Meanwhile scientists probing the Box atoms might split them and discover a whole new world of sub-atomic particles. Others might conceive of space in the Box as being a seething mass of pairs of virtual particles, being created and moving apart for a brief instant and then merging into nothing, no thing, again.

But, says one bright spark, what about a particle pair created on the boundary of the Box? One particle would enter the Box, and the other would travel somewhere else! This would lead to other speculation – if the second particle travelled in another Box, then that other Box would presumably be a mirror image of our Box!

Such speculation would wait on experimentation by the Box scientists and I’m aware that I cannot push the Box analogy too far with out it breaking. But, just as in the case of the Box scientists, philosophers and scientists in this Universe have similar issue.

An illustration of a ramified analogy, one com... — An illustration of a ramified analogy, one component of Gordon Pask’s Conversation Theory. Self-made (Photo credit: Wikipedia)

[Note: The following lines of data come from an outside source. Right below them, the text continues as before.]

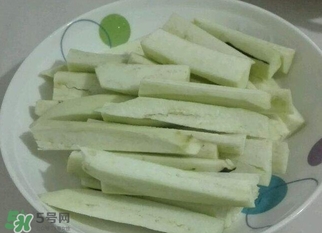 茄子去皮嗎？茄子要去皮嗎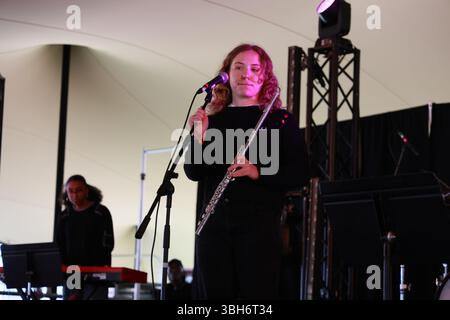 Londra, Regno Unito. 7 giugno 2025: La Brixton Chamber Orchestra Side-by-Side Project si esibisce al Lambeth Country Show 2025 un festival per famiglie con musica dal vivo cibo e bevande, arte e cultura al Lambeth Country Show 2025 - Day 1 è portato a voi dal Lambeth Council, in collaborazione con Brockwell Live, Londra, Regno Unito. (Foto di 李世惠/SEE li/Picture Capital) Foto Stock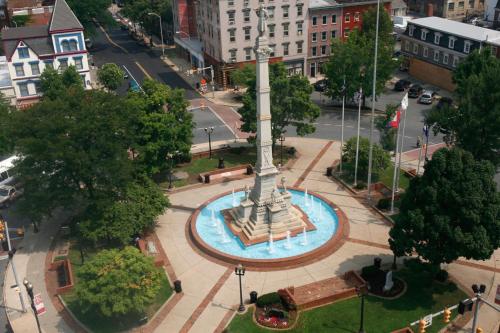 an aerial view of a monument in a city at Holiday Inn Express Hotel & Suites Easton by IHG in Easton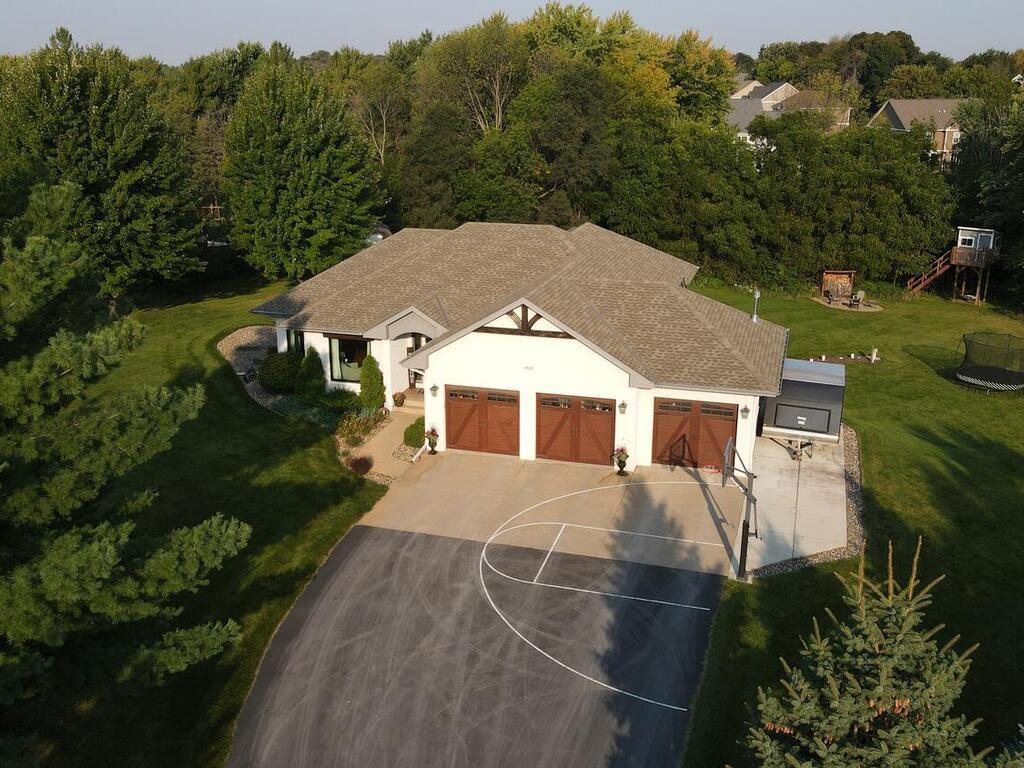 17820 Wedgewood Lane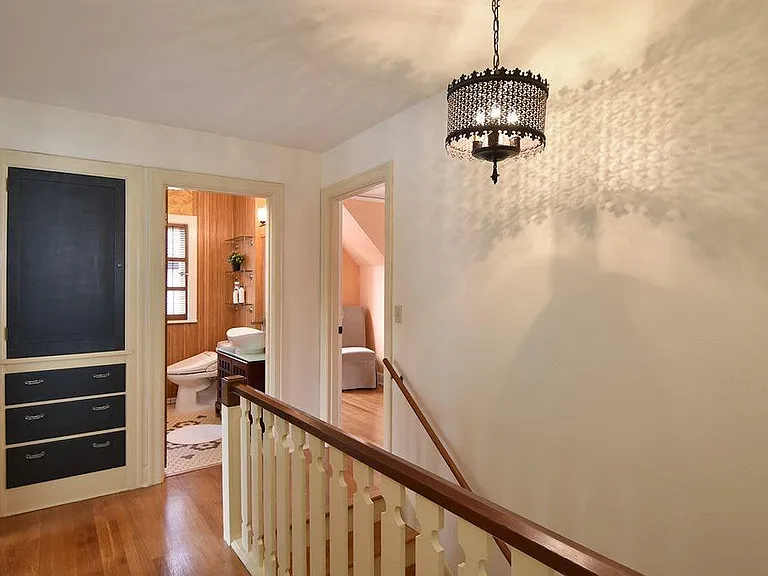 4318 NE 42nd St — Photo 18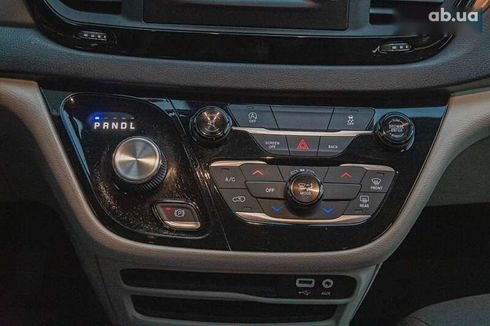 Chrysler Pacifica 2017 - фото 16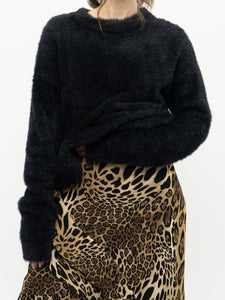 Modern x Fuzzy Black Sweater (S-L)
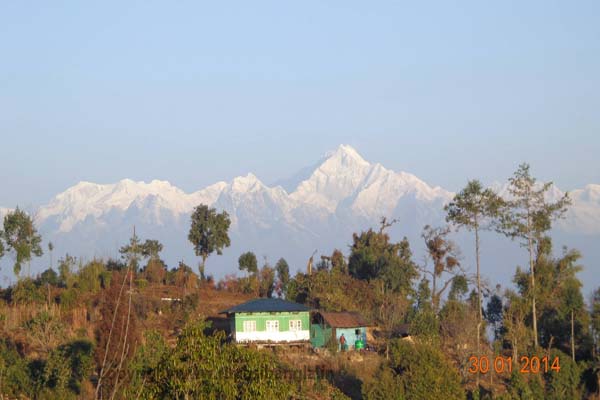 mount-kanchanjangha-from-rishap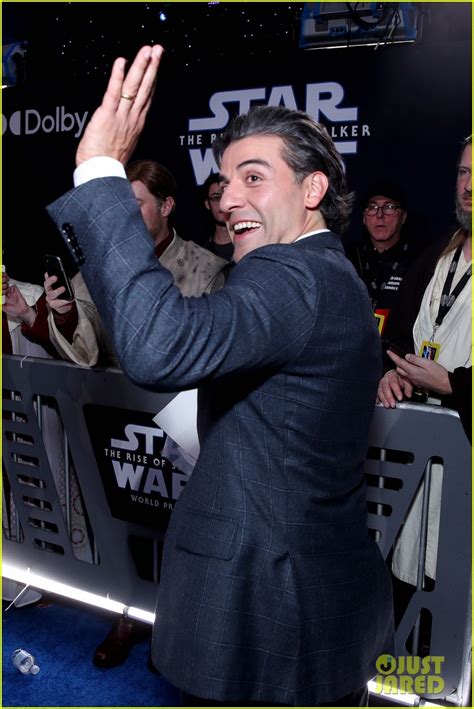 Adam Driver And Oscar Isaac Have Date Nights At Star Wars The Rise Of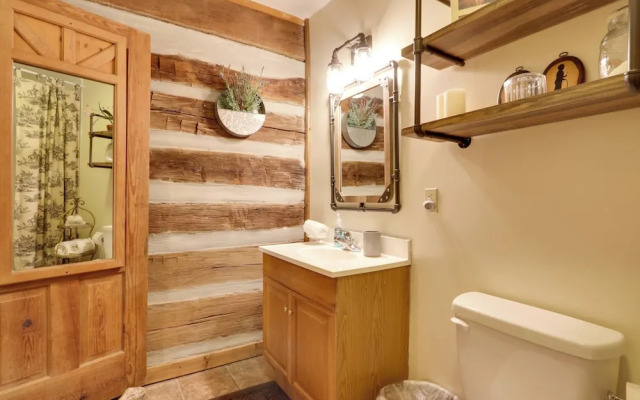 Riverfront Couple's Retreat in Smoky Mountains!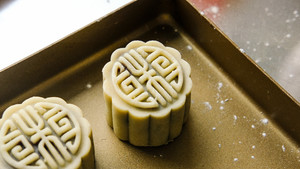 Traditional Egg Yolk and Bean Paste Mooncakes│dolly Peanut Oil X Gold Family Banquet recipe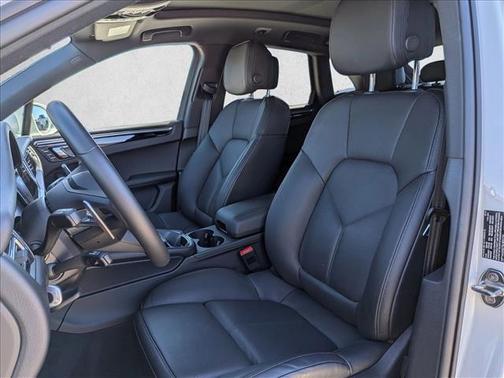 2025 Porsche Macan AWD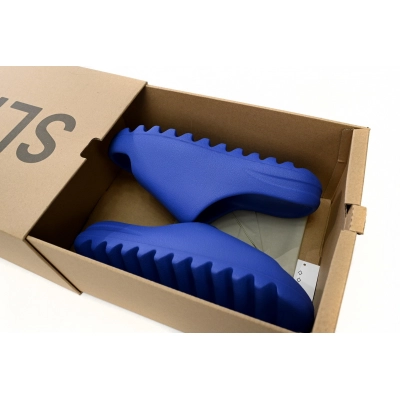 adidas Yeezy Slippers Slide Blue ID4133 02
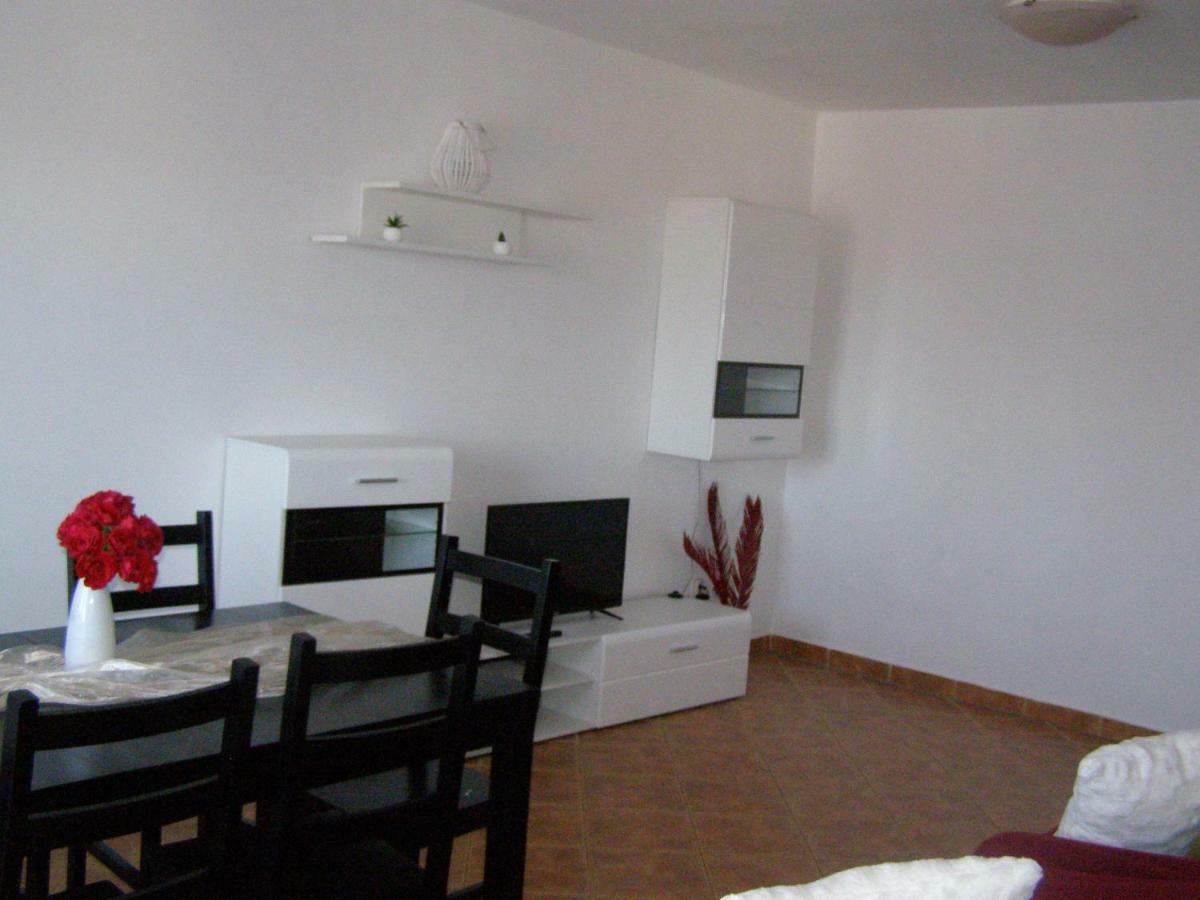 Charming Apartments In Πούλα Εξωτερικό φωτογραφία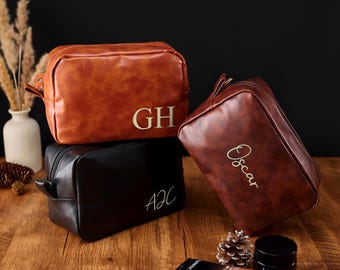 Personalized Leather Toiletry Bag for Him, Custom Embroidered Travel Bag, Travel Shaving Organizer, Bathroom Case, Groomsman Best Man Gift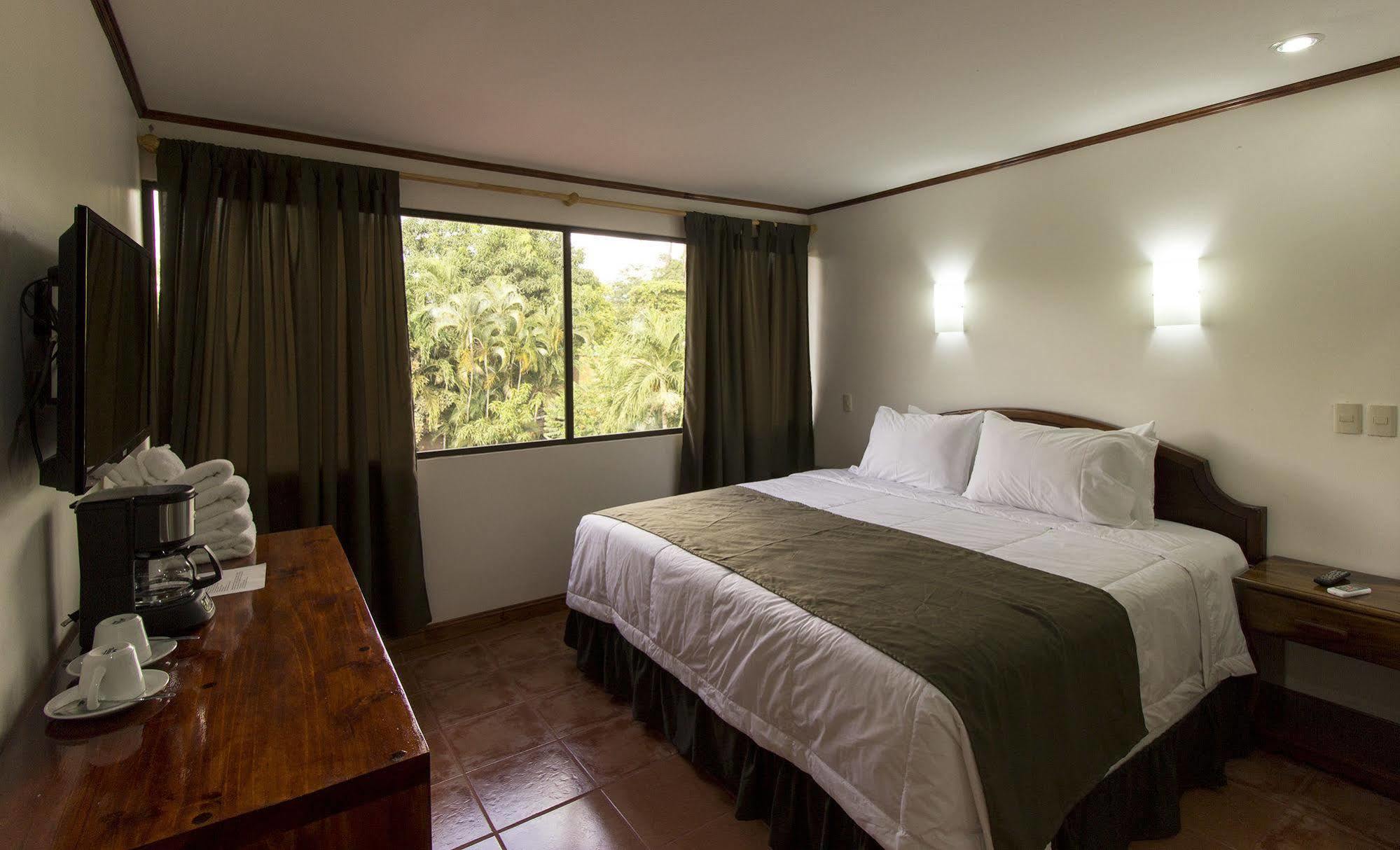 Copacabana Hotel And Suites (Adults Only) Jacó Extérieur photo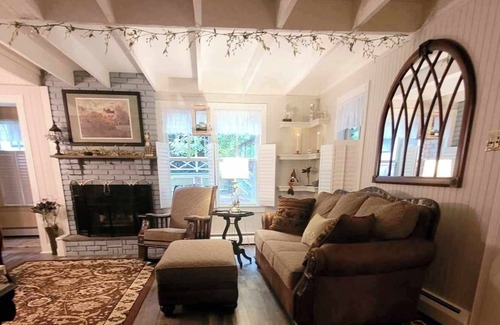 Mount Gretna Heights Cottage | 7th Heaven – Classy & Comfortable Mount Gretna Cottage, New!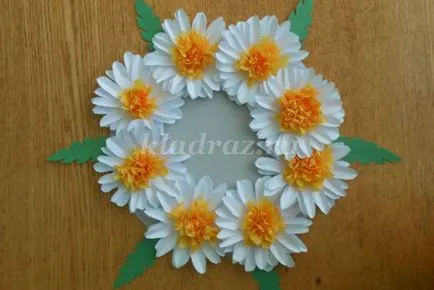 Hogyan készítsünk egy százszorszép papírból kezével szakaszokban fényképes kezdőknek (grade) Hogyan készítsünk egy százszorszép papírból kezével szakaszokban fényképes kezdőknek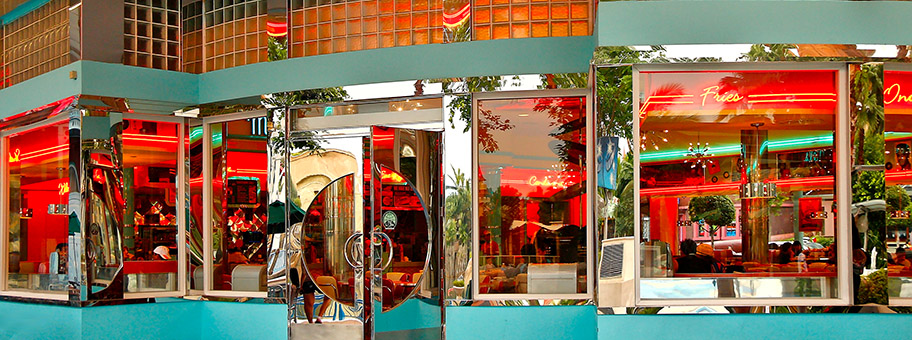 Replica von Mels Drive-In aus «American Graffiti» in den Universal Studios von Singapur.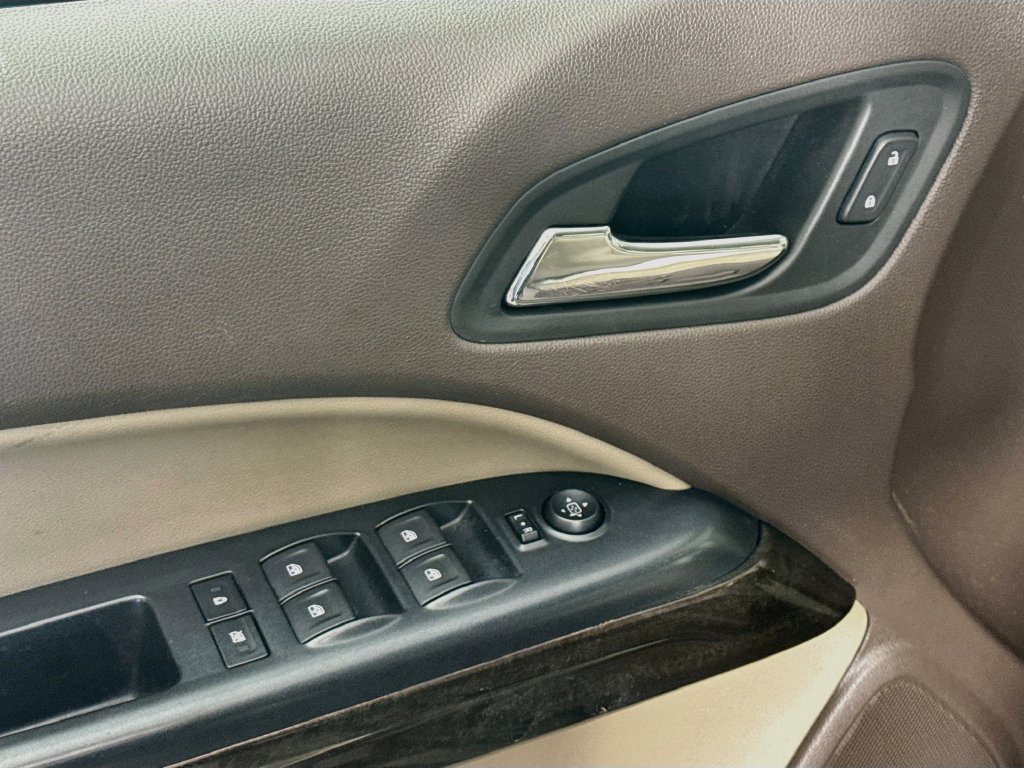 Used 2015 GMC Canyon SLT RWD image 18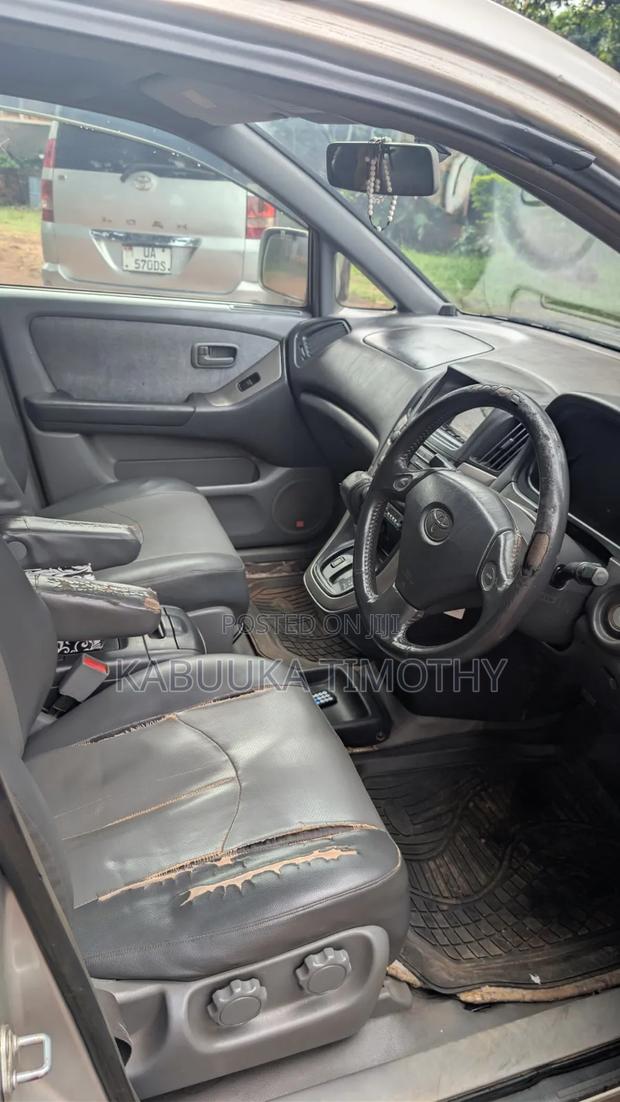 Toyota Harrier 2008 Brown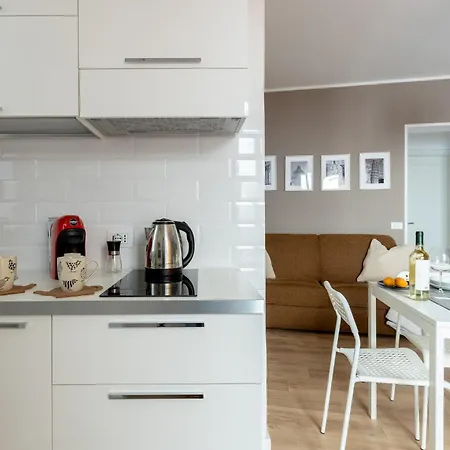 Guesthost - Station & Airport Modern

In our Universe there are no bounds (under current theories, I believe) but that doesn’t mean that we can’t speculate about what is beyond our Universe, whatever “beyond” may mean in this context.

The Box scientists could potentially explain every thing in the Box, maybe even the fact that it had existed, pretty much unchanged (on average) for all time, and that is periodically, over astronomically long time scale is doomed to repeat itself, time and time again.

When they go further than that, it is pure speculation, as all the data that they have relates to the Box. They have no data from outside of the Box. All the waves and particles that are observed originate in the Box. All the forces and fields are part of the Box. While scientists may speculate about “other Boxes”, that is all that they can do.

That’s the problem. The Box scientists, and the scientists from our Universe, can only observe events in the Universe in which they are embedded. Observations relate only to events in the local Universe.

Some conjectures suggest that our Universe is one of many universes all linked together in some way. Some conjectures suggest that the laws of our Universe apply in many other similar universes separate from ours. Some people conjecture that universes may exist where there are no laws or the laws that there are have no similarity in any way to the laws of our Universe.

In the Box universe these conjecture would amount to ideas that there may be other Box universes out there with similar laws to the Box universe, maybe linked in some way to the hypothetical Box universe. There may even be universes which have laws which are not at all similar to those of the Box universe. For instance a universe which springs from a single point in a vast explosion and expands at a vast rate either forever or to a certain point only to collapse once again. How bizarre!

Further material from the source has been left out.